### Source material
Start of Block

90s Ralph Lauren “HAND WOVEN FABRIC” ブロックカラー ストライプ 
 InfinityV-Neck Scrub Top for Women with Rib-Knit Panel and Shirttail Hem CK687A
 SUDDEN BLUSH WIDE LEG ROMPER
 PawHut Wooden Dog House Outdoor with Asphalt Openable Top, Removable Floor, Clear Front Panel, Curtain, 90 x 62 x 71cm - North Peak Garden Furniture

End of Block
Start of Block

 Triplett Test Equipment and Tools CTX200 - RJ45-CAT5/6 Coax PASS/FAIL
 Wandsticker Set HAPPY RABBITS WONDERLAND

End of Block

### Action item
Since only the total is wanted, work out how many lines of the data above contain "with" and state it alone.

### Written response
2